Mexican president apologizes to drug war victims

MEXICO CITY, (Reuters) – President Felipe Calderon  apologized to victims of Mexico’s war on drugs in an emotional  meeting with bereaved families yesterday that sought to try  and quell rising anger over violence sweeping the nation.

In a live television broadcast lasting several hours,  Calderon sat in silence listening to accusations from grieving  parents that his government was killing Mexico’s youth and  allowing criminals to run rampant across the country.

Felipe Calderon

Some 40,000 lives have been lost since his army-led  crackdown on drug cartels began at the end of 2006, and  Calderon said he regretted the loss of life the violence had  caused.

“As a father, as a Mexican and as president, I am deeply  aggrieved by Mexico’s pain,” he said in a hall inside  Chapultepec Castle in central Mexico City. “We must ask  forgiveness for the people who died at the hands of these  criminals, for not having acted against these criminals.”

The drug war has hit support for Calderon’s ruling National  Action Party and polls suggest the centre-right grouping will  be ousted in a presidential election due in July, 2012.

Thousands of people have joined peace marches organized by  poet Javier Sicilia, whose son was killed by gunmen in March  and who urged Calderon at the meeting to renounce his  strategy.

But the president refused to apologize for taking on the  heavily-armed cartels with the armed forces.
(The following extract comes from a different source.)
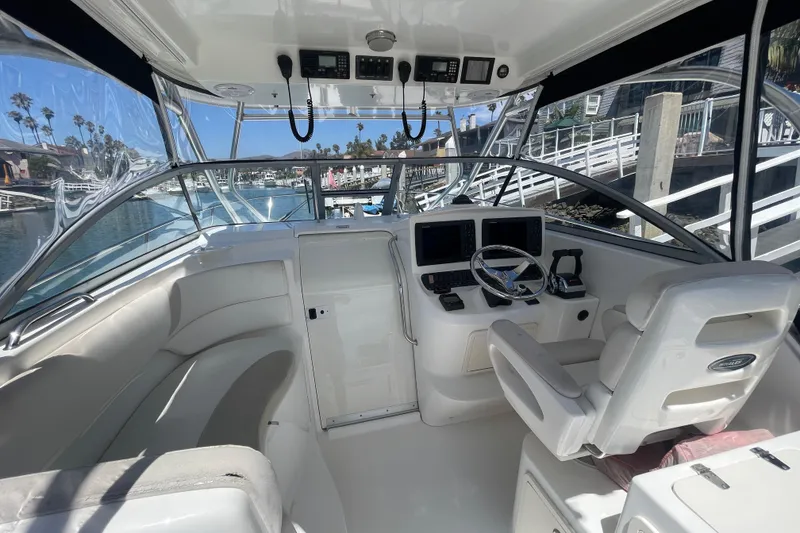 Slide: The Image of 2004 Boston Whaler 305 Conquest boat interior with helm, seating, and navigation equipment. - 11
“If there’s anything I regret, it’s not having sent them  sooner,” he said as the interior minister, attorney general,  public security minister and other top officials looked on.

However, he conceded that the war was no longer only about  drug cartels in Latin America’s second biggest economy.

“It all started with drug trafficking, but the problem for  me isn’t about drug trafficking, it’s about organized crime and  violence,” Calderon said in an often impassioned address.

Members of the bereaved families were not won over, and one  by one they took turns to attack Calderon for failing to  address rampant corruption and impunity afflicting Mexico.